Blueprint references to level Actors are lost when streaming out and back in the level

Hi,

We noticed that Level Blueprint references to Actors on that level are invalid after streaming out and streaming back in that level. It happens only in multiplayer on both server and client.

After digging into the code I noticed that normally FLinkerLoad::Preload() is called for both Blueprint class object (object of a class “BlueprintGeneratedClass”) and a Blueprint object itself (object of a class “SomeClass_S_C”).

However when running in multiplayer, FLinkerLoad::Preload() is called only for a Blueprint object. So FLinkerLoad::Preload() is not called for a Blueprint class and FLinkerLoad::FinalizeBlueprint() is never called which in effect doesn’t assign proper Actor* pointers to references in Blueprint.

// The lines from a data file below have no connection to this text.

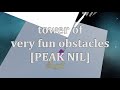 THE BEST NIL EVER Tower Of Very Fun Obstacles SHOWCASE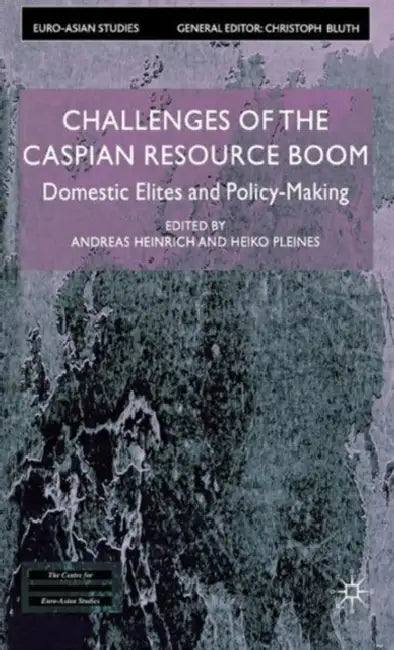 Challenges of the Caspian Resource Boom: Domestic Elites and Policy-Making by Andreas Heinrich, Heiko Pleines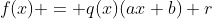 f(x) = q(x)(ax+b)+r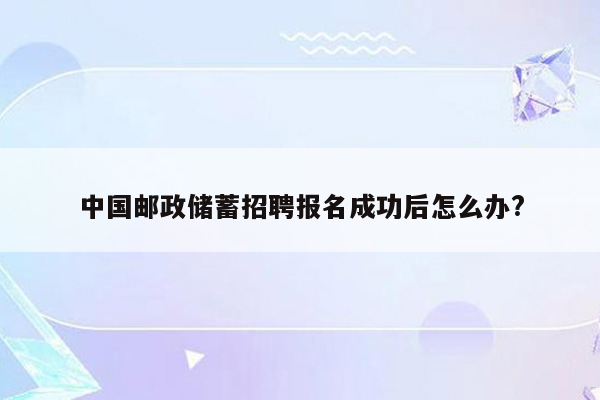 中国邮政储蓄招聘报名成功后怎么办?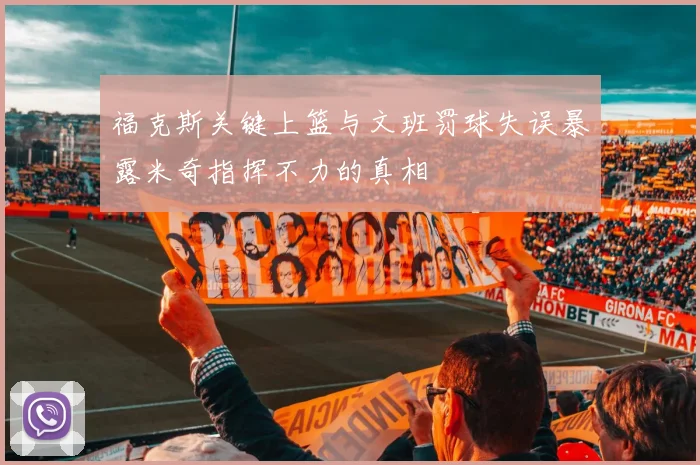 福克斯关键上篮与文班罚球失误暴露米奇指挥不力的真相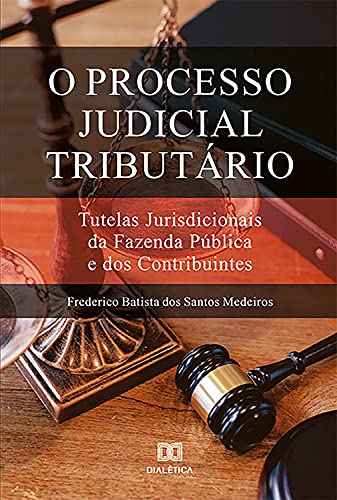 Capa do livro: O Processo Judicial Tributário: Tutelas Jurisdicionais da Fazenda Pública e dos Contribuintes - Ler Online pdf
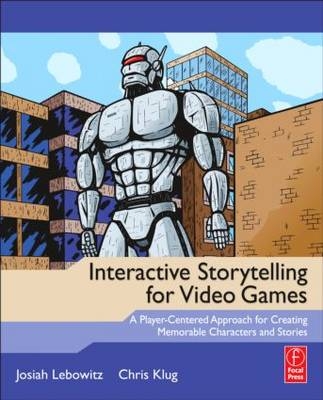 Interactive Storytelling for Video Games -  Chris Klug,  Josiah Lebowitz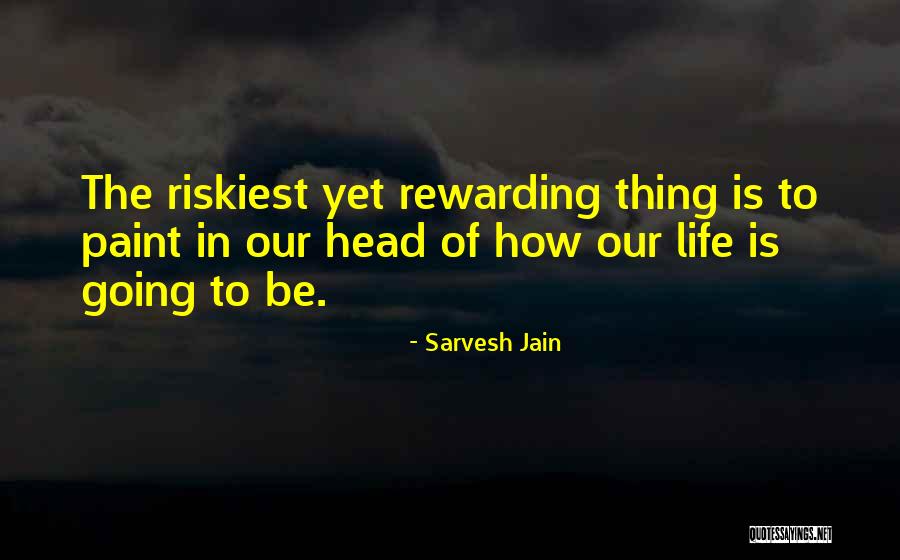 Redruth School Quotes By Sarvesh Jain Redruth School Quotes By Sarvesh Jain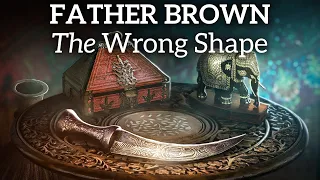 Mystery Bedtime Story - Father Brown & The Wrong Shape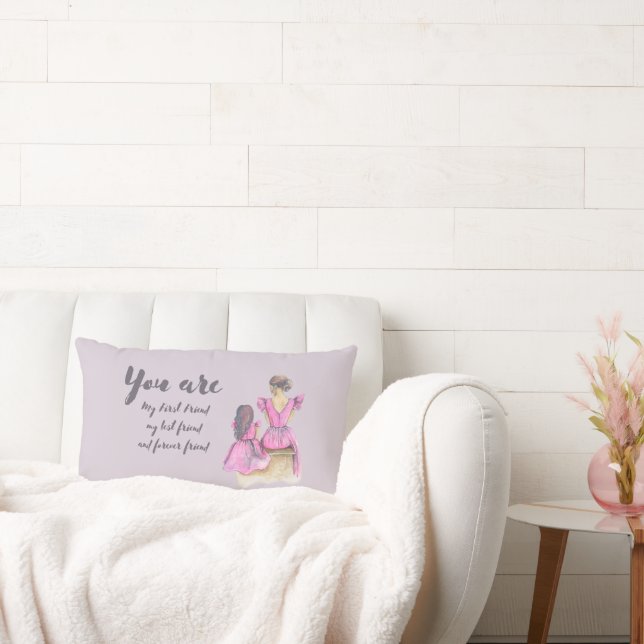 You are my best friend mum lumbar cushion (Couch)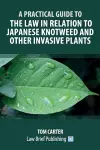 A Practical Guide to the Law in Relation to Japanese Knotweed and Other Invasive Plants cover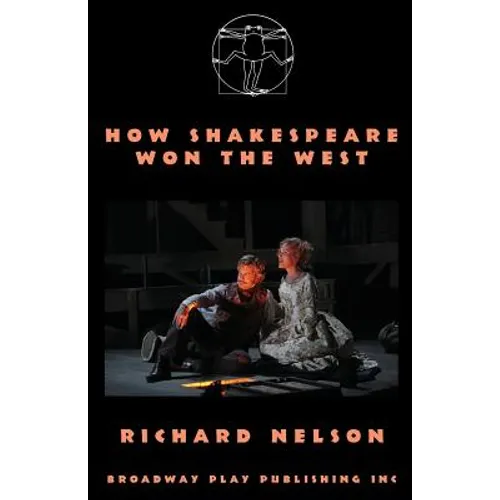 How Shakespeare Won The West - Paperback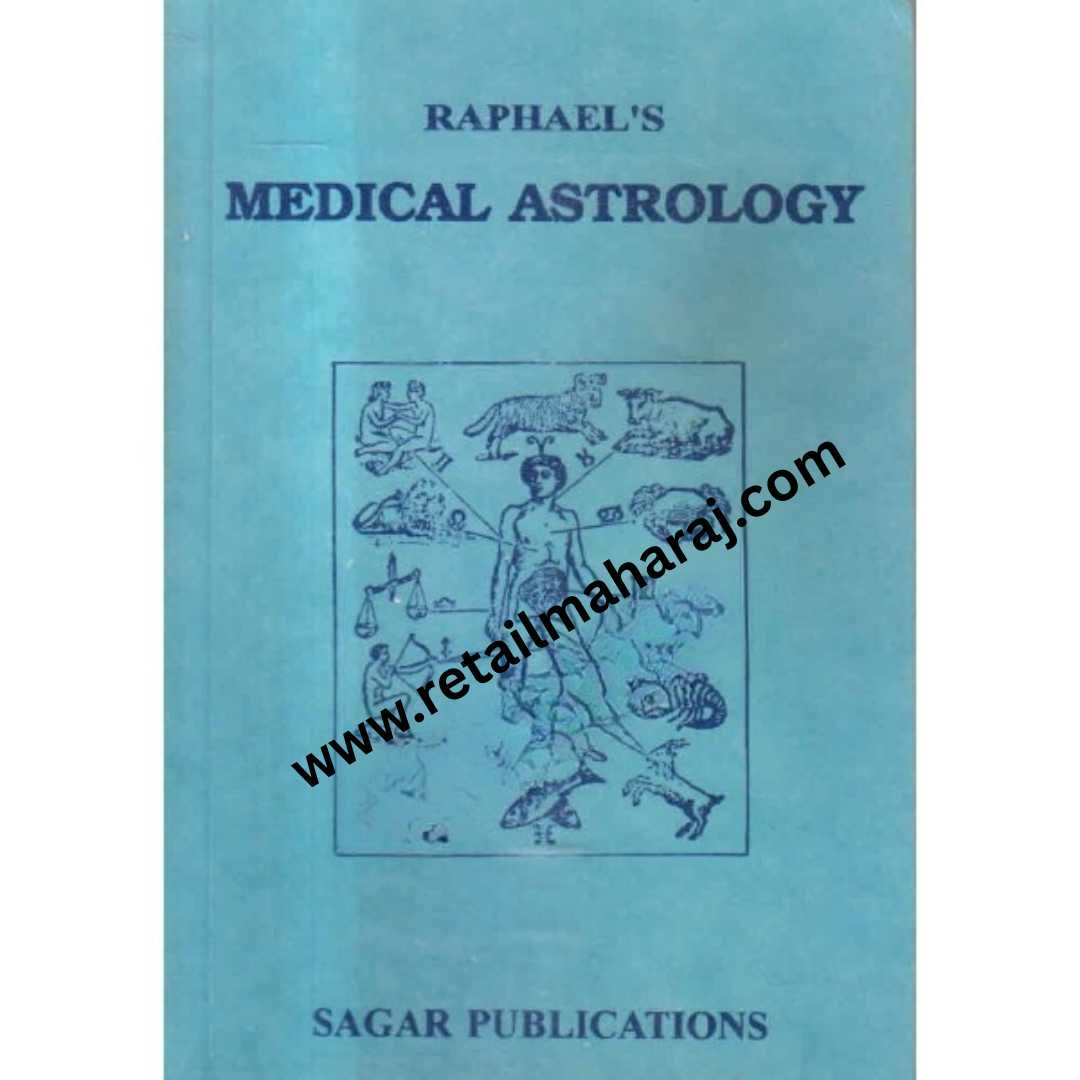 Raphaels Medical Astrology The Effects of the Planets and Signs Upon the Human Body - Retail Maharaj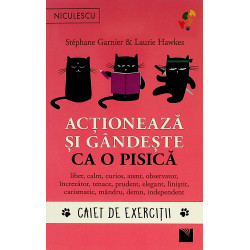 Actioneaza si gandeste ca o...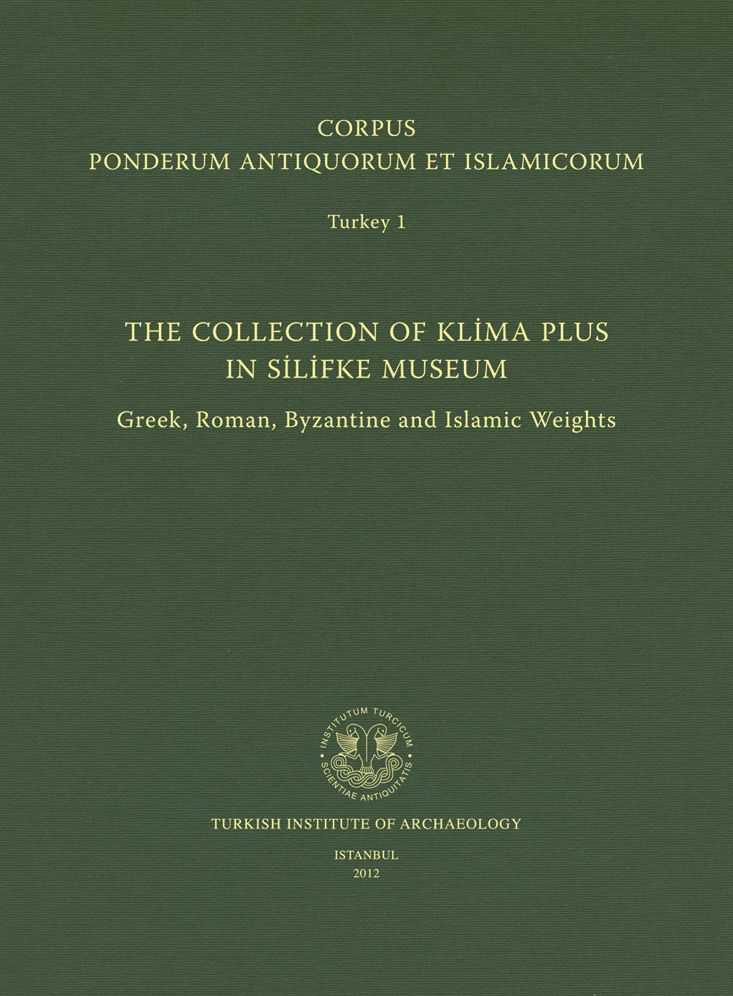 Corpus Ponderum Antiquorum et Islamicorum Turkey 1: The Collection of Klima Plus in Silifke Museum. Greek, Roman, Byzantine and Islamic Weights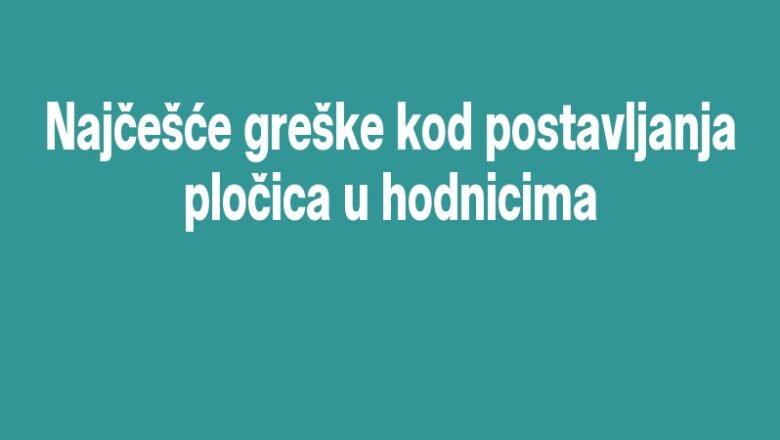 Najčešće greške kod postavljanja pločica u hodnicima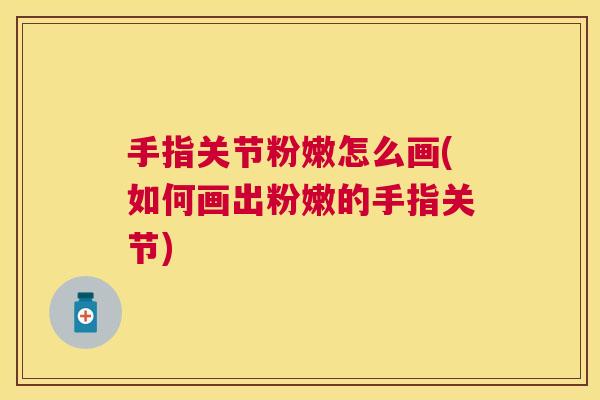 手指关节粉嫩怎么画(如何画出粉嫩的手指关节)
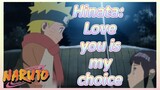 Hinata: Love you is my choice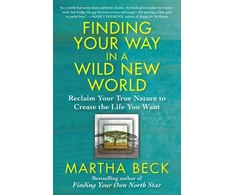 KNYGA Martha Beck Finding Your Way in a Wild New World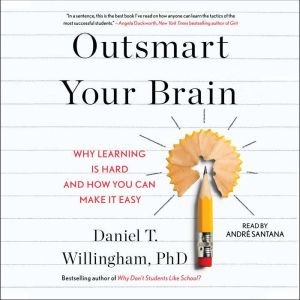 Outsmart Your Brain, Daniel T. Willingham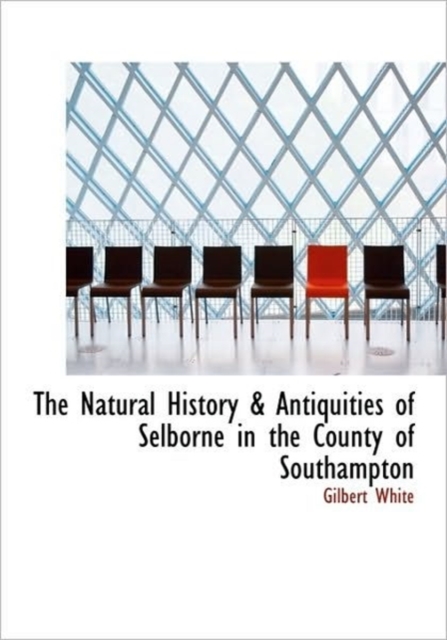The Natural History & Antiquities of Selborne in the County of Southampton, Hardback Book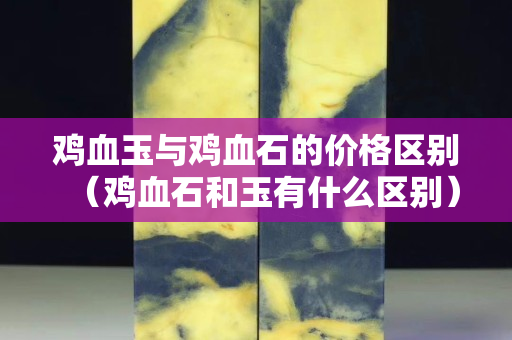 鸡血玉与鸡血石的价格区别（鸡血石和玉有什么区别）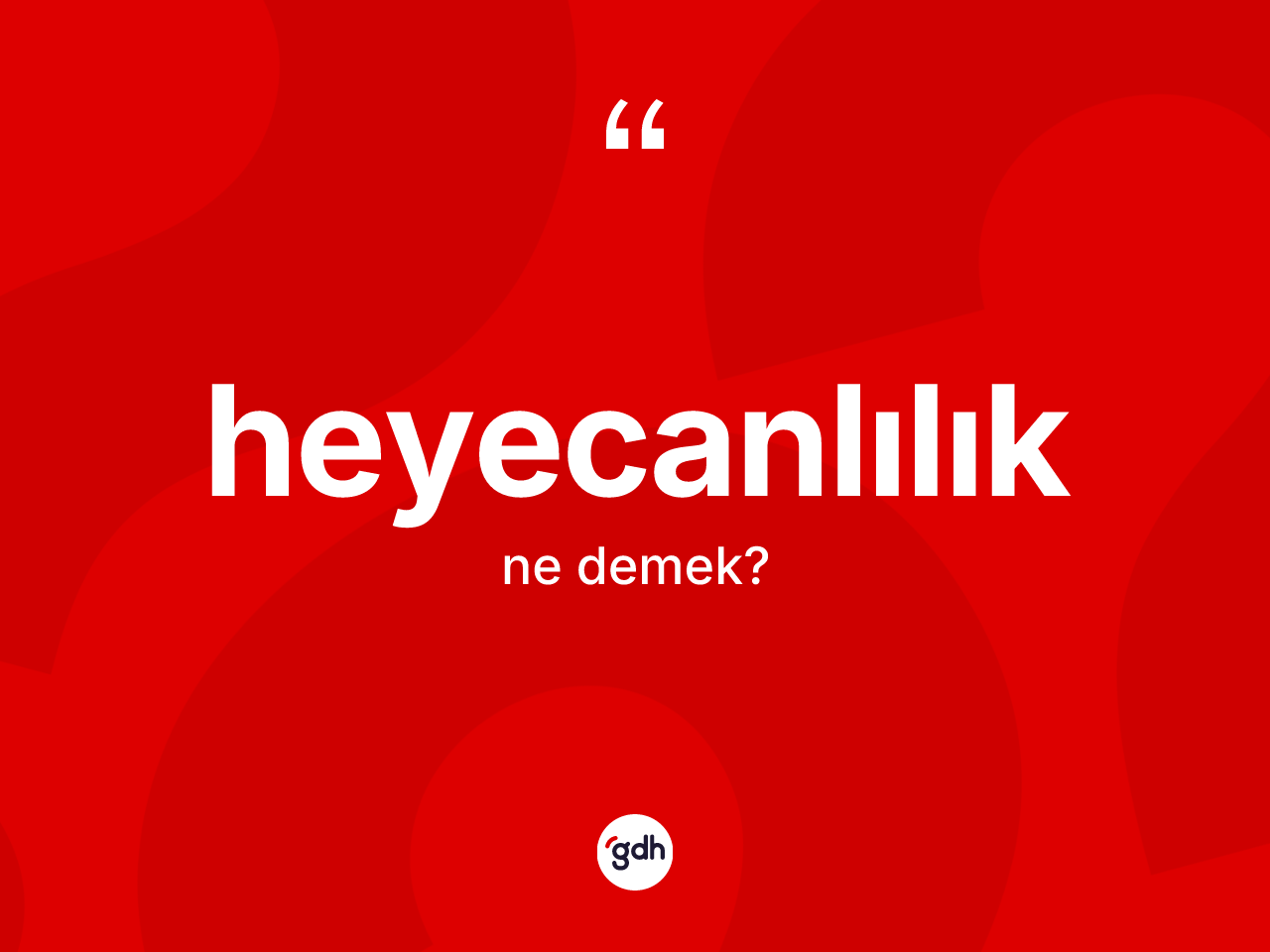 Heyecanlılık kelimesinin sözlükteki tanımı nedir? Heyecanlılığın TDK'ya göre anlamı nedir?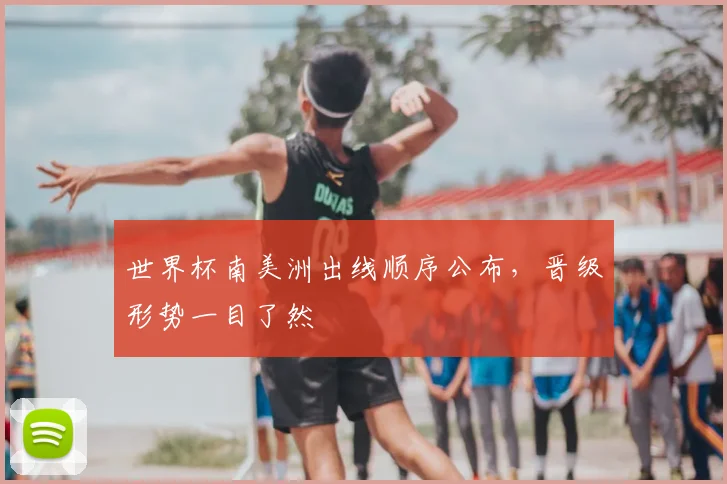 世界杯南美洲出线顺序公布,晋级形势一目了然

Did anyone come across similar issue? It may be not related to multiplayer, at least not directly.

best,
Klaudiusz

Hi,

There is a problem with variable replication in level blueprints that causes level Actor references to be invalid after level unload/load. Our bypass of the problem is to not use Replication on Level Blueprint Variables.

Here are steps to reproduce it:

  1. Load a Level MyMap_S with a Level Blueprint which has variable Variable_Name that has Replication set (to Replicated).
  2. Connect with a client.
  3. Unload level MyMap_S with that BP. → Replication system keeps references to Variable_Name and keeps a BP from unloading.
  4. Load level MyMap_S again. → FLinkerLoad::CreateExport() loads a level BP from memory and FLinkerLoad::RegenerateBlueprintClass() isn’t being called.
  5. All Actor reference pointers are stale

“Obj Refs Name=MyMap_S_C” lists number of reference paths going through network code and Variable_Name to level blueprint:


[...]
[2092.23][824]LogReferenceChain: IpConnection /Engine/Transient.IpConnection_1->Driver
[2092.23][824]LogReferenceChain: IpNetDriver /Engine/Transient.IpNetDriver_2->UE4Editor-Engine.dll!UNetDriver::AddReferencedObjects() [f:\perforce2\ue4-main\engine\source\runtime\engine\private\networkdriver.cpp:2174]
[2093.38][824]LogReferenceChain: BoolProperty /Game/Maps/MyMap_S.MyMap_S_C:Variable_Name!->Outer
[2093.39][824]LogReferenceChain: (target) BlueprintGeneratedClass /Game/Maps/MyMap_S.MyMap_S_C

If it’s not forbidden to use replication on level blueprint variables, and it’s not blocked, it seems like a bug in UE4 4.16.

best,
Klaudiusz

Klaudiusz,

I’m sorry for the late reply here.

If it’s not forbidden to use replication on level blueprint variables, and it’s not blocked, it seems like a bug in UE4 4.16.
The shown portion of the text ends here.